A metà del diciassettesimo secolo le Province Unite (più o meno l’Olanda di oggi) erano la potenza egemone del sistema capitalista mondiale, che allora era geograficamente più limitato. In seno a tale sistema mondiale erano il paese più ricco con le imprese industriali più efficienti. Dominavano il commercio e la finanza di tale sistema mondiale. Avevano l’esercito più forte.

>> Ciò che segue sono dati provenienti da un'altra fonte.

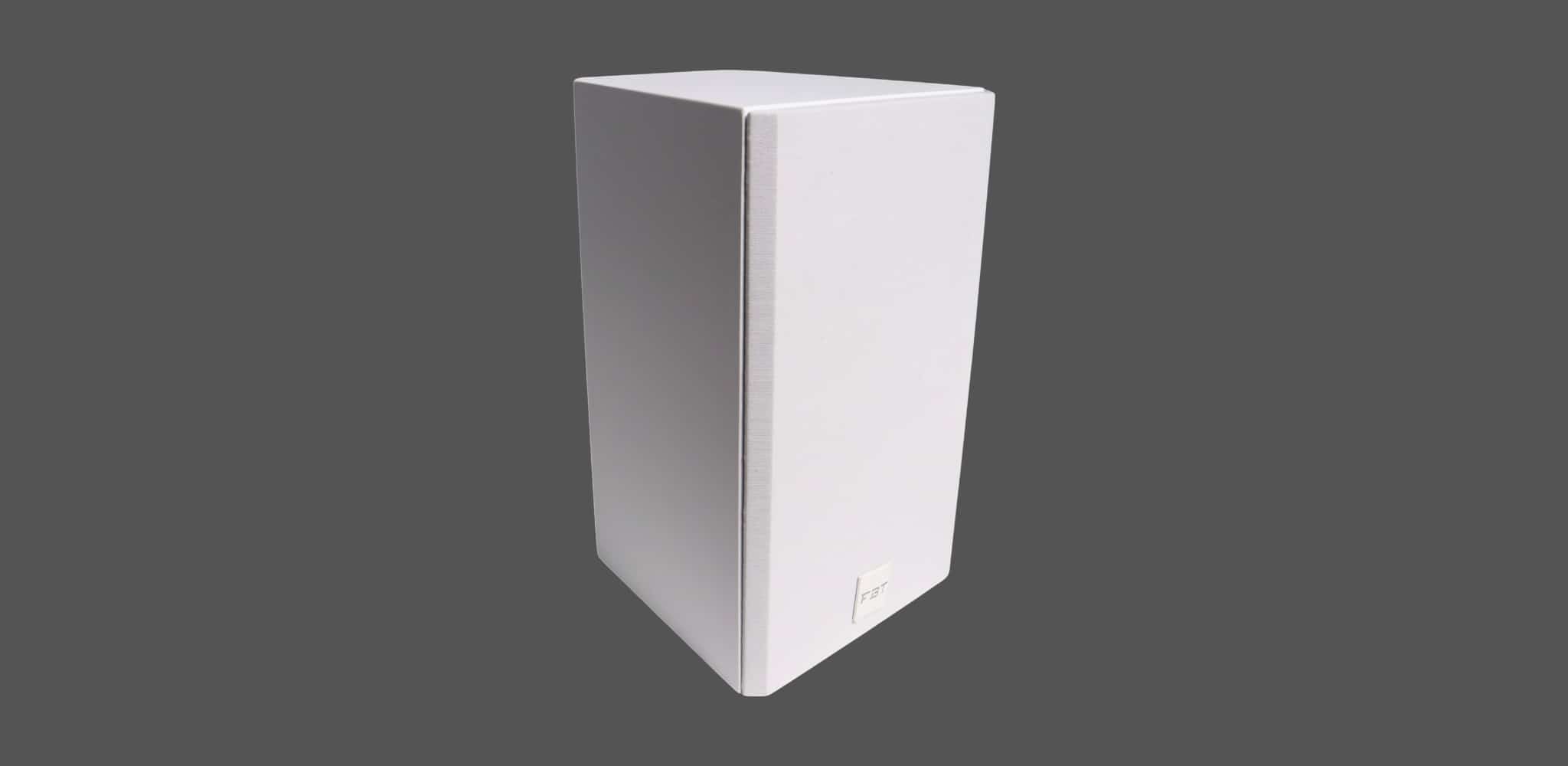 loa nguon diem passive fbt keiron 5c w 5 inch 240w mau trang 1 loa nguon diem passive fbt keiron 5c w 5 inch 240w mau trang 1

Poi iniziò il loro declino come potenza egemone. E uno dopo l’altro persero ciascuno di tali vantaggi. Per salvare quanto più possibile divennero il socio minore della Gran Bretagna, un’aspirante egemone. Il vantaggio che si tennero stretto più a lungo fu il dominio finanziario. Lo conservarono sino al decennio 1780-90. A quel punto si sarebbe potuto scrivere un articolo intitolato: “Post Olanda: quanto conta?”

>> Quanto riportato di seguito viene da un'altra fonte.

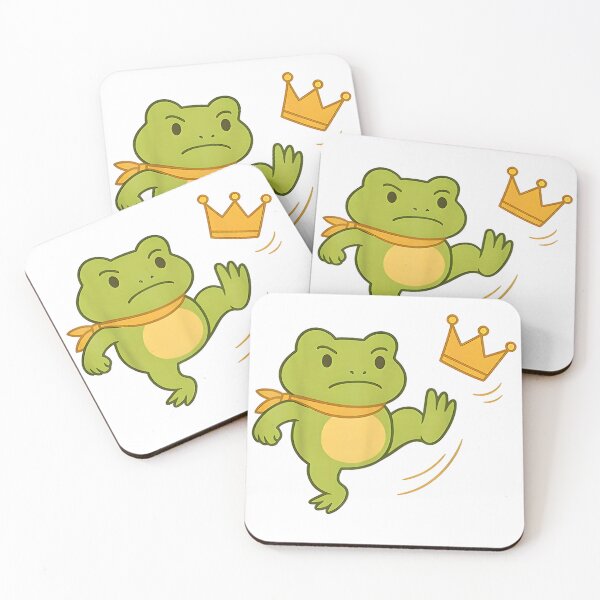 Item preview, Frogs Against Fascism – Portland Frog Protest designed and sold by waebox.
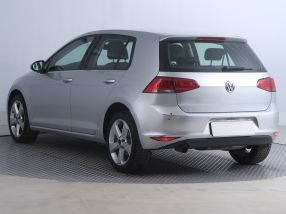 Volkswagen Golf - 2013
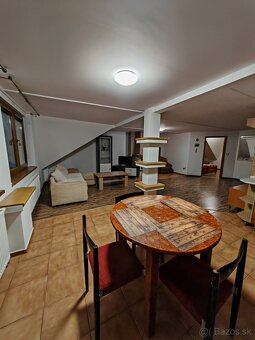 Prenájom apartmánu - 4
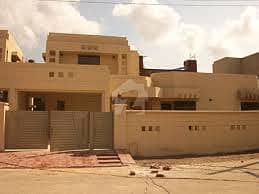 10 Marla House For Sale In Punjab Govt Servant Society - Opposite To Bahria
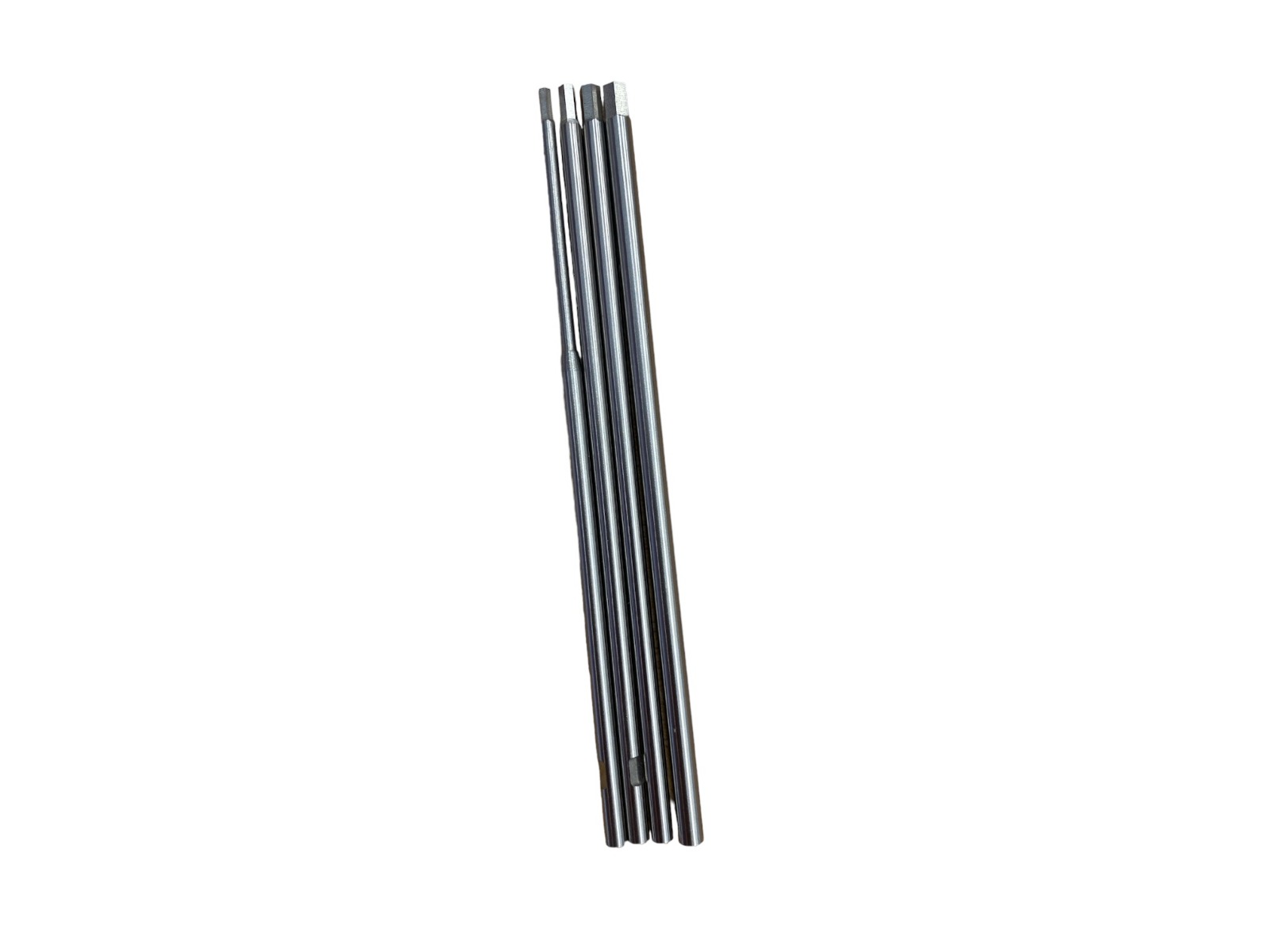 TopRC - Inbussleutel tips 1.5mm/2.0mm/2.5mm/3.0mm afbeelding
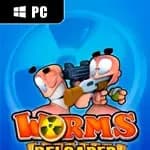 Worms Reloaded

La vera domanda allora per l’Olanda, come lo è oggi per la Gran Bretagna, è per chi conta. Se si studia l’Olanda da circa il 1780 si noterà che è rimasta uno dei paesi più ricchi del mondo. La vita è stata materialmente più confortevole là che nella maggior parte dei paesi del mondo. Ma sotto ogni altro aspetto l’Olanda è divenuta irrilevante. Non è stata in prima linea nelle nuove tecnologie. Sì, è rimasta uno snodo importante del commercio mondiale ma assolutamente non uno snodo indispensabile. Non può imporre ad altri paesi le sue preferenze geografiche. Di fatto pochissimi discutono del ruolo dell’Olanda come attore geopolitico.

In effetti è svanita sullo sfondo, vivendo di rendita da beneficiaria minore delle decisioni di potenze egemoni successive, prima la Gran Bretagna e poi gli Stati Uniti. La Gran Bretagna è oggi arrivata allo stadio in cui si trovava l’Olanda intorno al 1780, lo stadio del mantenimento di una relativa ricchezza e della definitiva irrilevanza geopolitica. Le più preoccupate di ciò sono le istituzioni finanziarie della Gran Bretagna, che fino a poco tempo addietro erano ancora strutture molto potenti del sistema mondiale.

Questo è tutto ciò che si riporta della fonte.